Opinion issued July 1, 2004
In The
Court of Appeals
For The
First District of Texas
NO. 01-03-00832-CV
EMILE A. NASSAR, Appellant
V.
HOUSTON INDEPENDENT SCHOOL DISTRICT, Appellee
On Appeal from County Civil Court at Law No. 1
Harris County, Texas
Trial Court Cause No. 767,526
MEMORANDUM OPINION
In this eminent domain case, appellant, Emile A. Nassar, appeals the judgment
award, which was based on the verdict of the jury. Nassar presents five issues in
which he challenges the trial court’s evidentiary rulings and its denial of his motion
for continuance.
We affirm.
BACKGROUND
In the fall of 2000, Houston Independent School District (HISD) determined
that Gregory-Lincoln School, a combined elementary and middle school in an
antiquated building, should be replaced. According to the plan, a new Gregory-Lincoln facility would be built on land to be acquired adjacent to the old building, the
old building would be razed, and a new High School for the Performing and Visual
Arts would be built on the original Gregory-Lincoln site. To effect this plan, HISD
began acquiring eight acres adjacent to Gregory-Lincoln School.

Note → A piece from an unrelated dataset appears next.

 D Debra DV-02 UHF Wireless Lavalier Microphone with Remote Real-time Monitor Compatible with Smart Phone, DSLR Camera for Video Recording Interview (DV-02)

Nassar owned three tracts of land on Taft Street on which there were four
residential buildings containing four rental units each. It is uncontested that these
properties, located at 1401, 1407, 1505, and 1509 Taft Street, were well maintained
and were among the finest of the properties acquired by HISD. On February 25,
2002, HISD, seeking to condemn the properties, filed a petition in condemnation, and
in May 2002, a panel of special commissioners determined that the fair market value
of the properties was $890,000. HISD deposited that amount into the registry of the
court on May 20, 2002, an action that constituted the “taking.” Nassar objected to the
award, and the case proceeded to a jury trial.
At trial, three of Nassar’s former tenants, one of whom also did maintenance
work for Nassar, testified regarding the good condition of their apartments and
Nassar’s performance as a landlord. They were not asked about and did not testify
regarding the market value of the properties. They also were not asked about and did
not testify regarding any enhancement of the properties’ value resulting from the
Gregory-Lincoln project.
Nassar testified that he determined the value of similar properties in the
“eighties and nineties and 2002.” He testified that there had been an increase in the
value of his properties, but that the increase was not because of the Gregory-Lincoln
project. He further testified that he had looked at other four-plexes near his properties
in 2001 and 2002 and that he had entered into an earnest money contract on two
multi-family properties near his Taft properties in May 2002 and had closed on those
properties in June and July 2002.
HISD objected to any testimony regarding the value of those properties
because they were purchased after May 20, 2002, the date of the taking. The trial
court overruled the objection on the basis that Nassar had entered into the contract
before the date of the taking. HISD then objected to the testimony on the ground that
Nassar had known about the Gregory-Lincoln project for some time before May 2002
and that therefore the value of the properties was influenced by HISD’s acquisition
of eight acres near the properties. The trial court sustained this objection.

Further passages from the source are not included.